## [Information shown]
*****
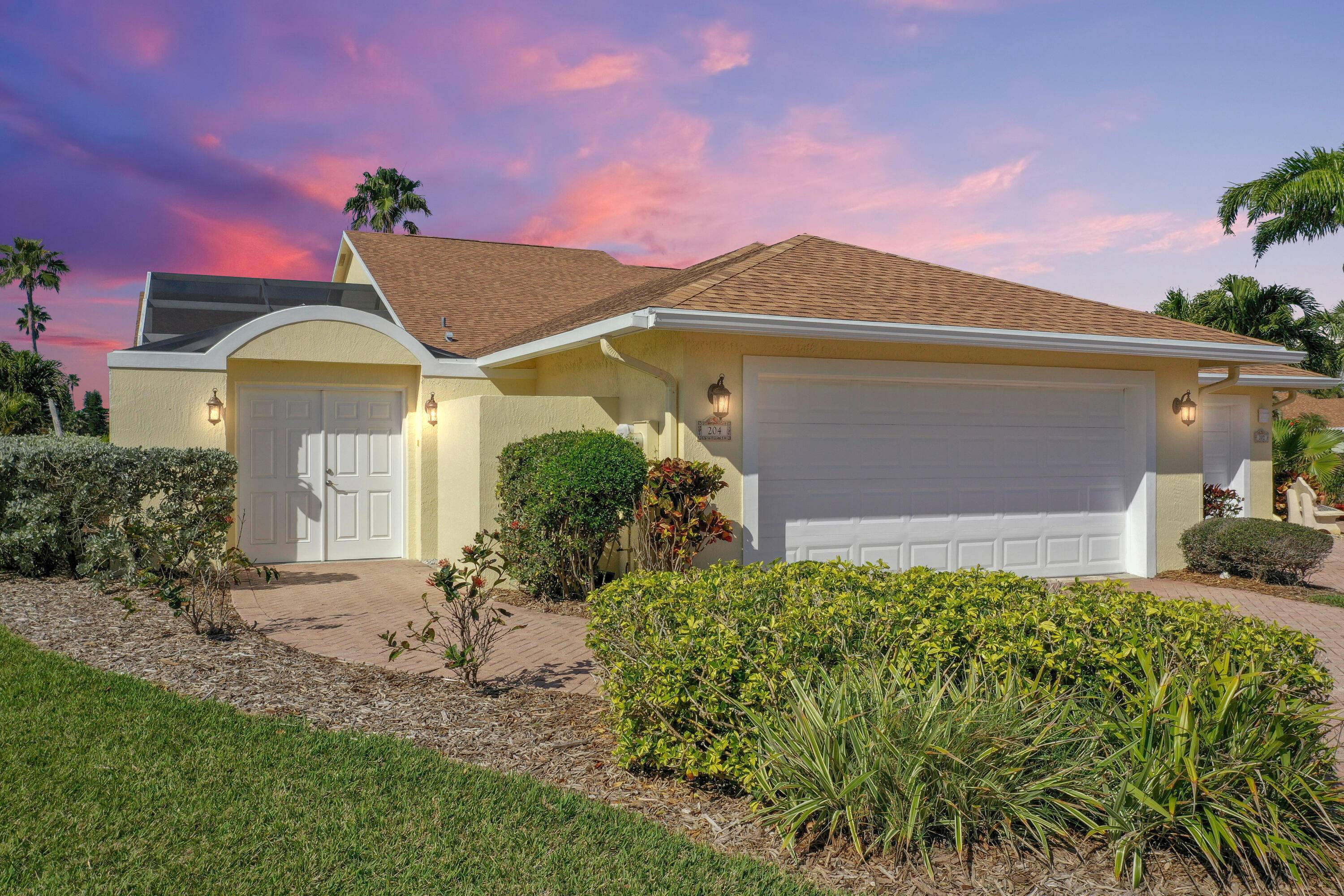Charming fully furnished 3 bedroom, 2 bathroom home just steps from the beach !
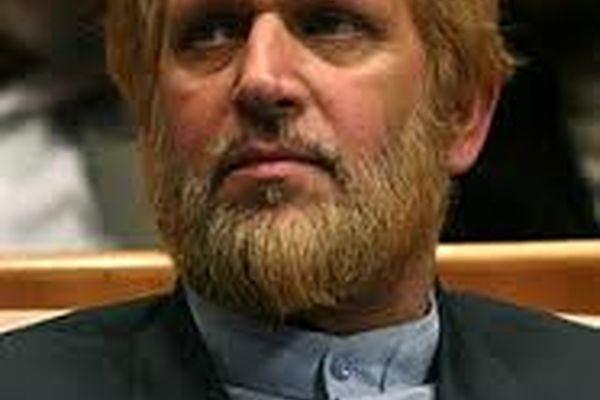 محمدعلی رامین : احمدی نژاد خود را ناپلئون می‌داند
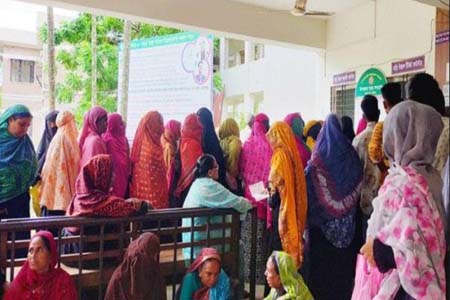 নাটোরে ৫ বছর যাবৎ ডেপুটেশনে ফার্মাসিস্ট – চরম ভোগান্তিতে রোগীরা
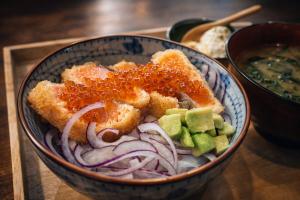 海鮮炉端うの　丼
*****
## [Task prompt]
Everything in the listing must be restated word for word, except for the pictures.

## [Solution to this task]
Charming fully furnished 3 bedroom, 2 bathroom home just steps from the beach !
 محمدعلی رامین : احمدی نژاد خود را ناپلئون می‌داند
 নাটোরে ৫ বছর যাবৎ ডেপুটেশনে ফার্মাসিস্ট – চরম ভোগান্তিতে রোগীরা
 海鮮炉端うの　丼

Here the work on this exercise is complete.